For the flow timing, you will see the yellow pollen and nectar coming from the wild mustard now. The box wood and magnolia should be in full bloom as well. Follow by almonds and peaches by the 3rd week of this month. Then pears, cherry and apples and berries by mid-April through May to give you a ballpark of things. Each year is different so time yourself by checking out what is blooming each year out there.


----------



## Ian (Jan 16, 2003)

I find the braided copper wire helps capture the most leaked energy


----------



## AstroBee (Jan 3, 2003)

Ian said:


> I find the braided copper wire helps capture the most leaked energy


Only if you re-braid it into a pony tail, otherwise the negative ions leak back into hive.


----------



## squarepeg (Jul 9, 2010)

i've found that calibrating the braided copper with a divining rod is an excellent way to ensure that it is working properly.


----------



## MTN-Bees (Jan 27, 2014)

Anyone tried it for Varroa control?


----------



## msl (Sep 6, 2016)

IIRR Warre said it needed to be in a french braid for varroa control


----------



## Vance G (Jan 6, 2011)

Probably works. Has just about completely eliminated tracheal mites and passenger pigeons.


MTN-Bees said:


> Anyone tried it for Varroa control?


----------



## Brad Bee (Apr 15, 2013)

squarepeg said:


> i've found that calibrating the braided copper with a divining rod is an excellent way to ensure that it is working properly.

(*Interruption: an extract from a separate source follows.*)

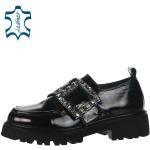 Dámske Poltopánky olivia shoes čiernej farby s kamienkami na jar 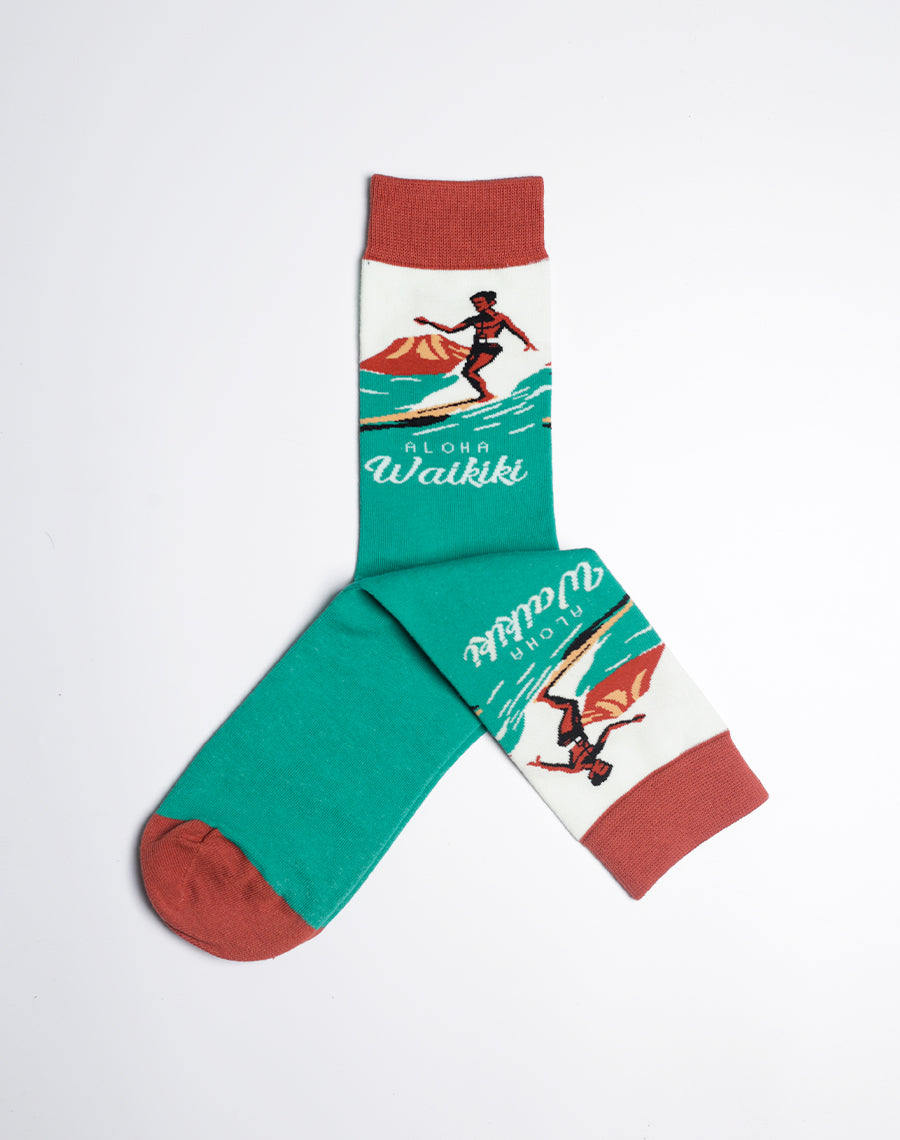 Mens Aloha Waikiki Wave Rider Crew Socks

Yeah but you've got to make sure your divining rod is calibrated first. As you are well aware only the wings of a silkworm can be used to calibrate a divining rod. I tried using unicorn eyelashes to calibrate mine one time and the dang thing sent me 30 seconds into the past. It took me a month to quit repeating what I just heard myself say.


----------



## Rader Sidetrack (Nov 30, 2011)

If the copper wire technique results are somewhat lacking .... there are more ... mmm ... _innovative_ techniques here ...

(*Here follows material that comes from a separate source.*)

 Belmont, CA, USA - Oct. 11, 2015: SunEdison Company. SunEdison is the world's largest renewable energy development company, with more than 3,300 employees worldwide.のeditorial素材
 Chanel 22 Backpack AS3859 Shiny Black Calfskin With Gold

http://www.beesource.com/forums/sho...John-Harding-and-I-have-found-the-answer-quot


:digging:


----------



## Matt903 (Apr 8, 2013)

I think Georgia Bee Man gave you some good advice there. Is there a bee club you can join in your area? Maybe one where folks don't use copper wire? Don't worry, my first mentor put crystals on top of his hives, "to draw in positive energy from the air, and channel it to the bees." So I know how you feel.


----------



## StingerMcStung (Apr 27, 2015)

And here I was hoping I could get away with a copper braided man-bun on each hive 

Thanks for the replies (including the funny ones)

I guess it's just a trial and error, learn as you go type of thing.


----------



## Flyer Jim (Apr 22, 2004)

You might find some thing here.

http://www.californiastatebeekeepers.com/links-affiliated-clubs.html


----------



## Eric Walls (Feb 8, 2013)

Hippy Triangle? Sounds like where I'm from, the People's Republic of Portland, Oregon. A person in a local club here made a bee scratching post so the bees can scratch it like a cat, and hope it would cause the mites to drop off.


----------



## jim lyon (Feb 19, 2006)

StingerMcStung said:


> And here I was hoping I could get away with a copper braided man-bun on each hive
> 
> Thanks for the replies (including the funny ones)
> 
> I guess it's just a trial and error, learn as you go type of thing.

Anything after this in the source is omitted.